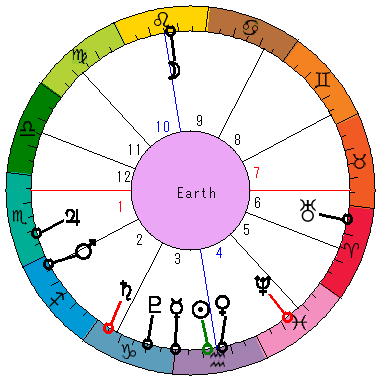 あなたの生まれた日時のホロスコープ あなたの生まれた日時のホロスコープ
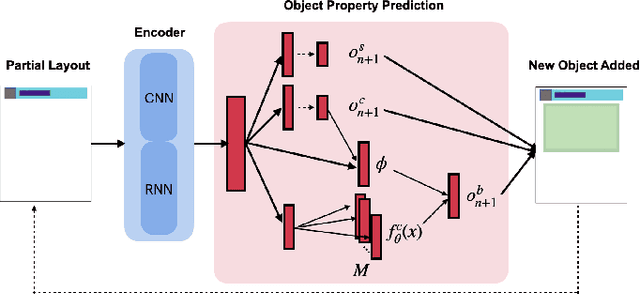 Figure 4 for Deception for Cyber Defence: Challenges and Opportunities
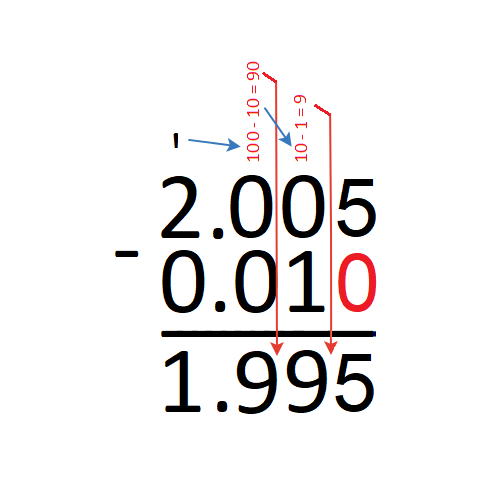 Пример вычитания десятичной дроби  из десятичной дроби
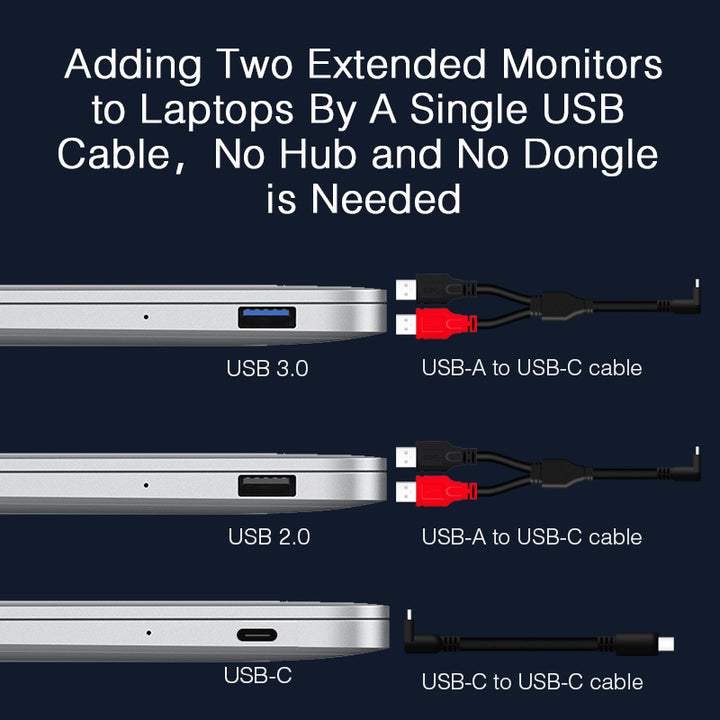 triple monitor for laptop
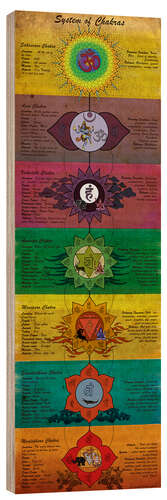 Holzbild System of Chakras (Englisch)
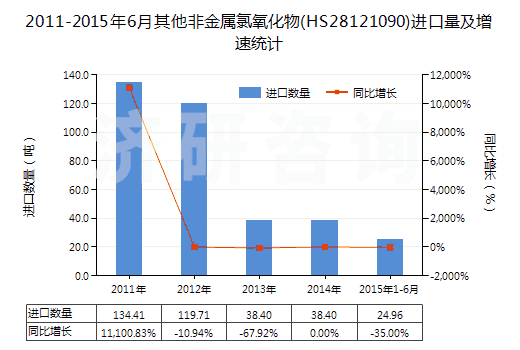 2011-2015年6月其他非金屬氯氧化物(HS28121090)進口量及增速統(tǒng)計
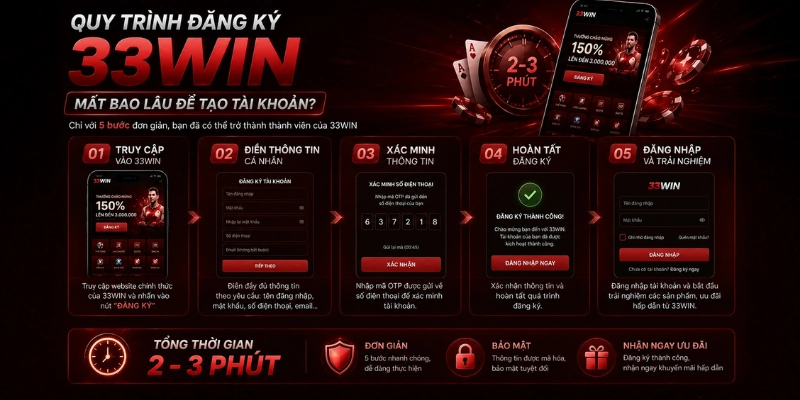 Quy trình đăng ký 33WIN: Mất bao lâu để tạo tài khoản?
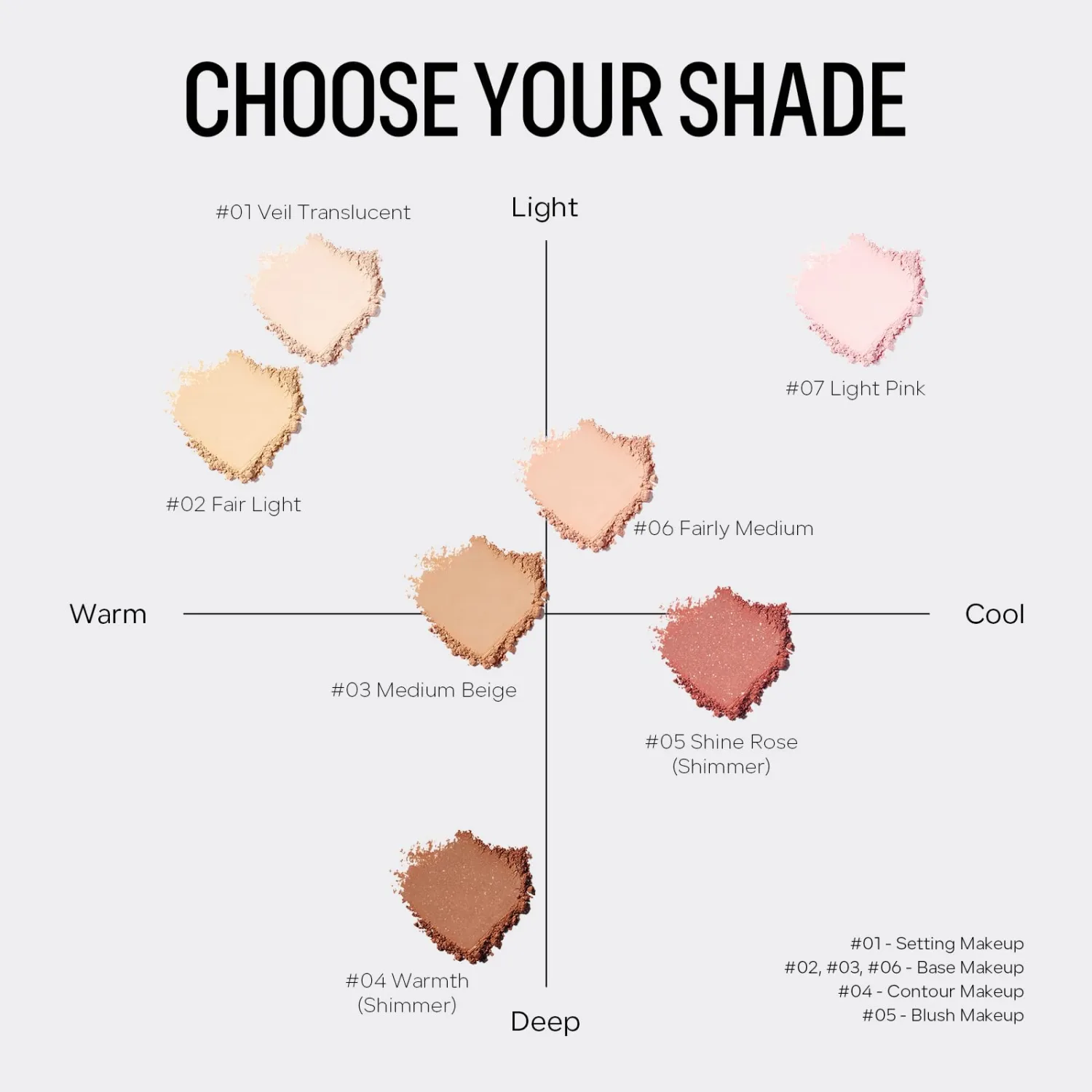 Mineral Setting Powder, SPF 35 Translucent Loose Powder with Micro-fine Pear, Weightless and Oil Control, Blurring Finishing, Extend Base Makeup Face Sunscreen Powder-Veil Translucent, 0.28oz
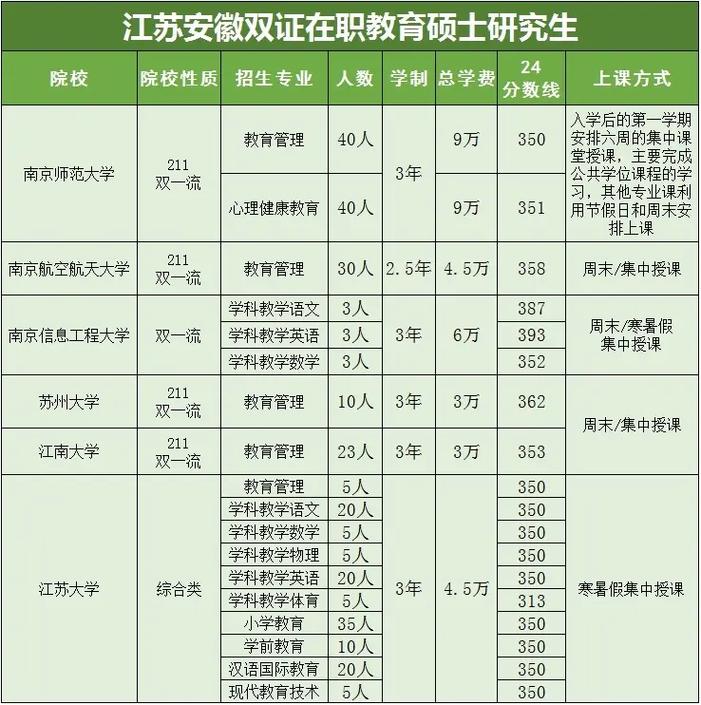 江苏大学专硕考哪些专业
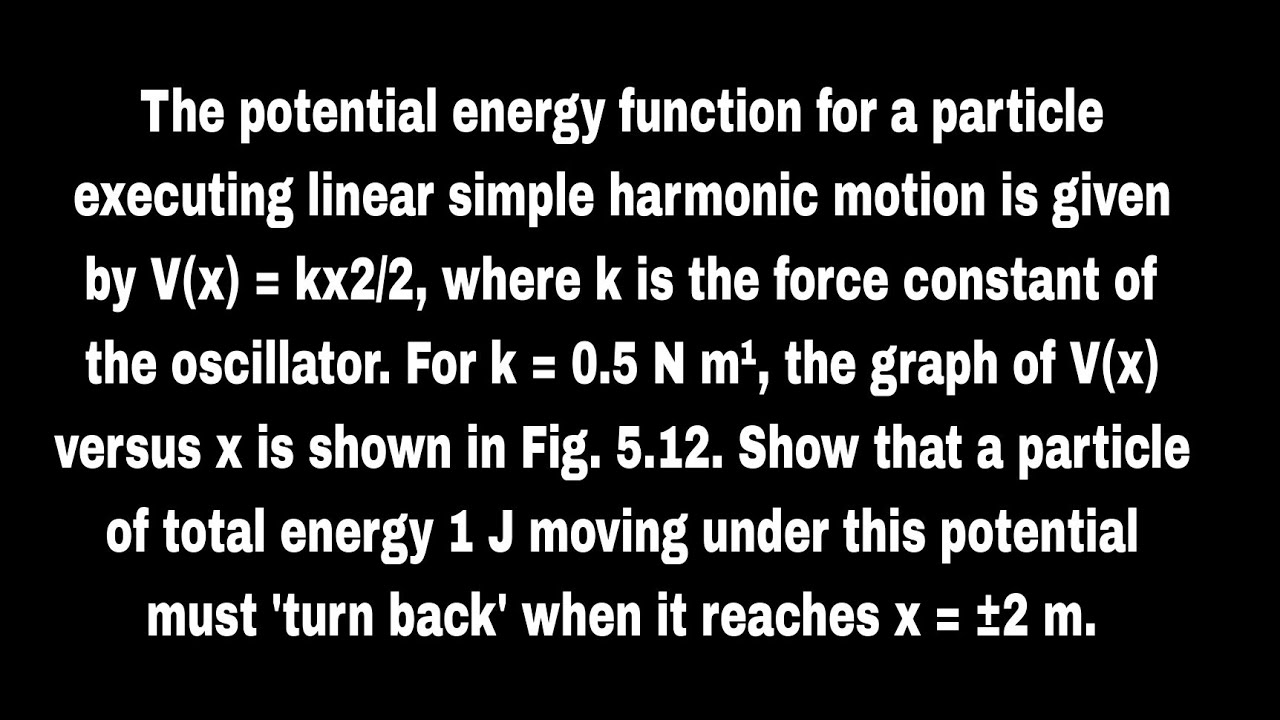 The potential energy function for a particle executing linear simple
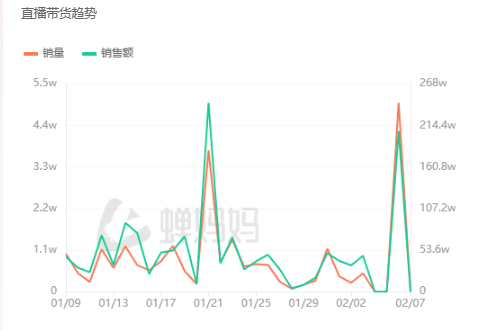 張?zhí)m汪小菲抖音賬號(hào)無限期封禁；張?zhí)m一個(gè)月帶貨超千萬，麻六記仍在正常直播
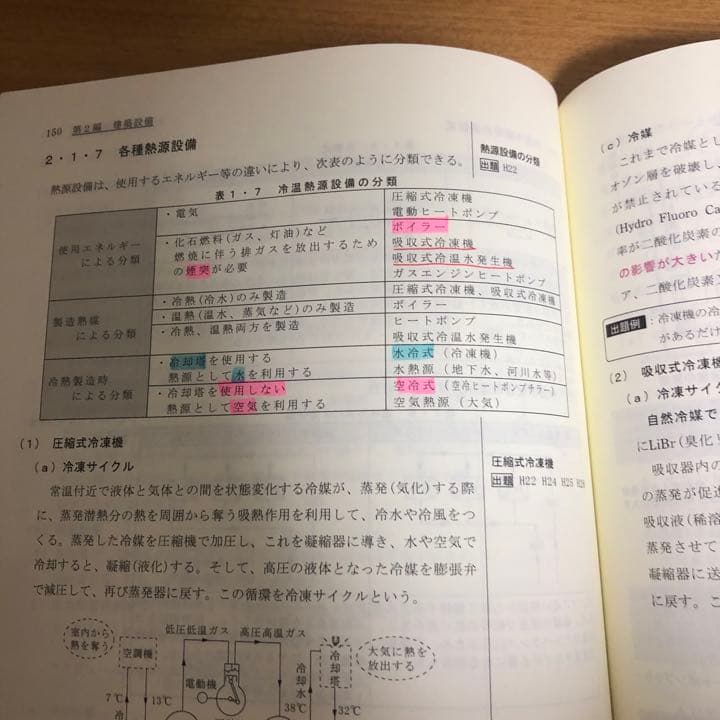 総合資格 一級建築士 令和3年度
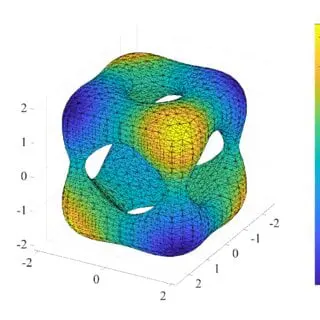 discretization-of-a-more-complex-geometry-with-corresponding-discrete-solution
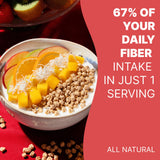 Poop Like A Champion High Fiber Cereal - Cinnamon Toast Flavor | Keto Friendly Low Carb Gluten Free & Healthy | Breakfast Essentials with Soluble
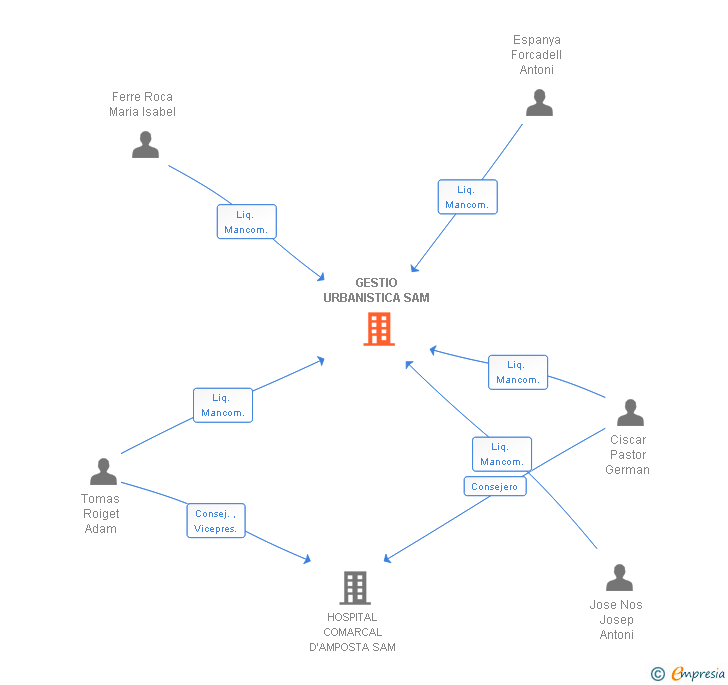 Vinculaciones societarias de GESTIO URBANISTICA SAM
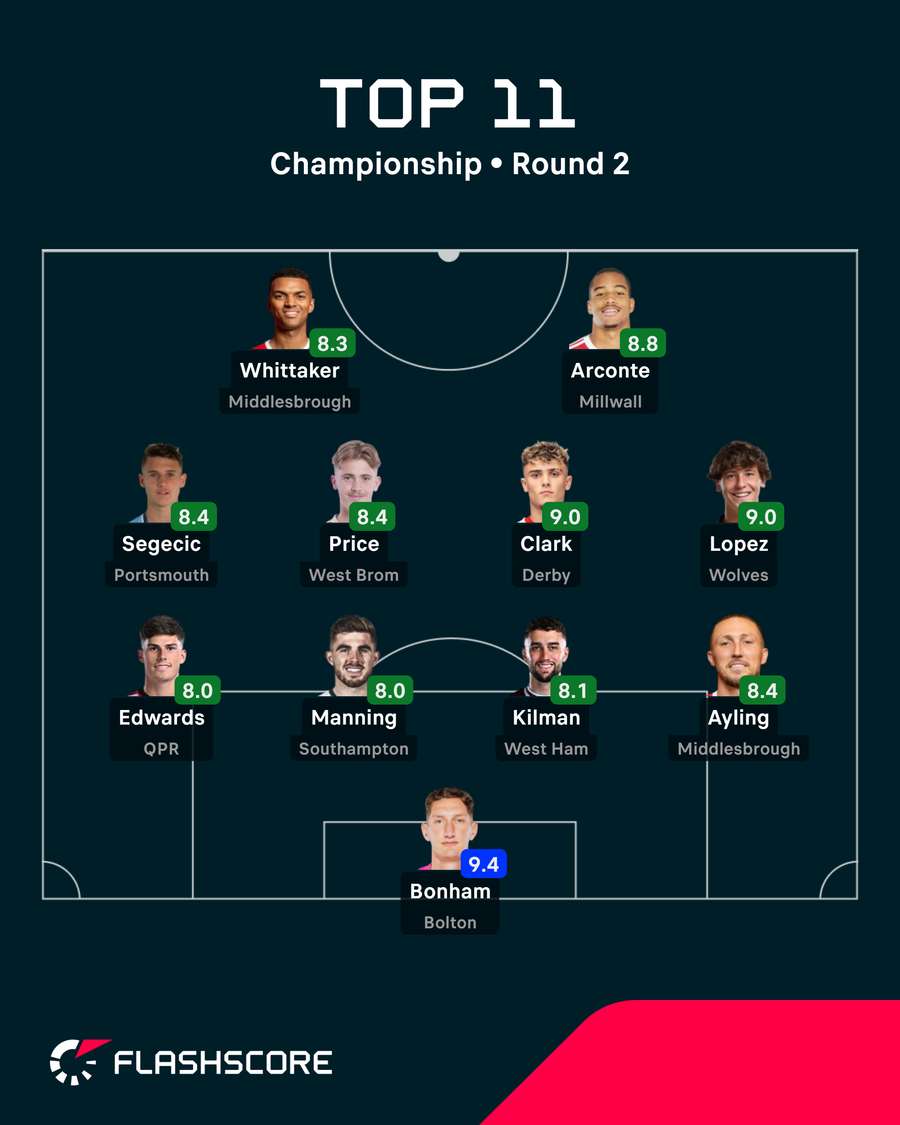 Championship Team of the Week Championship Team of the Week
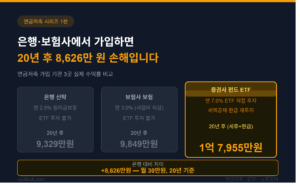 연금저축 가입 은행·증권사·보험사 3곳 비교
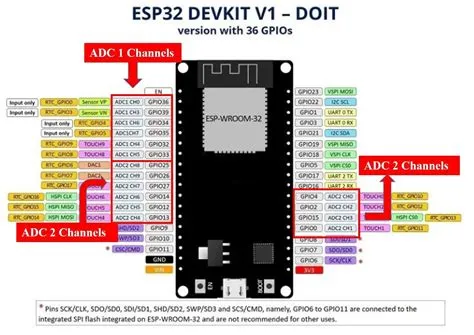 Esp32 pins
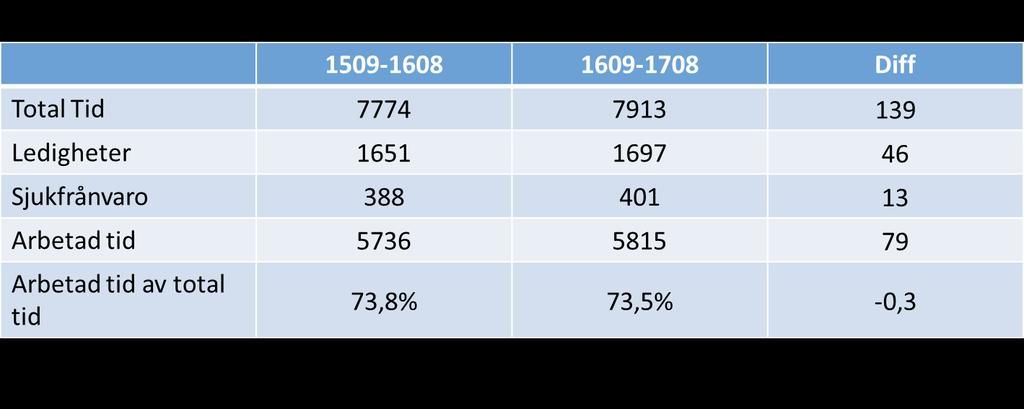 Mertid/Övertid i andel av Närvarotid har ökat svagt (0,1 procent) till 1,6 procent. Detta är fortfarande på en låg nivå även om varianser finns inom och mellan yrkesgrupper.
══════
_WORK REQUEST_: Once the pictures are set aside, output the whole listing exactly.

_FINISHED TASK_:
 あなたの生まれた日時のホロスコープ あなたの生まれた日時のホロスコープ
 Figure 4 for Deception for Cyber Defence: Challenges and Opportunities
 Пример вычитания десятичной дроби  из десятичной дроби
 triple monitor for laptop
 Holzbild System of Chakras (Englisch)
 2011-2015年6月其他非金屬氯氧化物(HS28121090)進口量及增速統(tǒng)計
 Quy trình đăng ký 33WIN: Mất bao lâu để tạo tài khoản?
 Mineral Setting Powder, SPF 35 Translucent Loose Powder with Micro-fine Pear, Weightless and Oil Control, Blurring Finishing, Extend Base Makeup Face Sunscreen Powder-Veil Translucent, 0.28oz
 江苏大学专硕考哪些专业
 The potential energy function for a particle executing linear simple
 張?zhí)m汪小菲抖音賬號(hào)無限期封禁；張?zhí)m一個(gè)月帶貨超千萬，麻六記仍在正常直播
 総合資格 一級建築士 令和3年度
 discretization-of-a-more-complex-geometry-with-corresponding-discrete-solution
 Poop Like A Champion High Fiber Cereal - Cinnamon Toast Flavor | Keto Friendly Low Carb Gluten Free & Healthy | Breakfast Essentials with Soluble
 Vinculaciones societarias de GESTIO URBANISTICA SAM
 Championship Team of the Week Championship Team of the Week
 연금저축 가입 은행·증권사·보험사 3곳 비교
 Esp32 pins
 Mertid/Övertid i andel av Närvarotid har ökat svagt (0,1 procent) till 1,6 procent. Detta är fortfarande på en låg nivå även om varianser finns inom och mellan yrkesgrupper.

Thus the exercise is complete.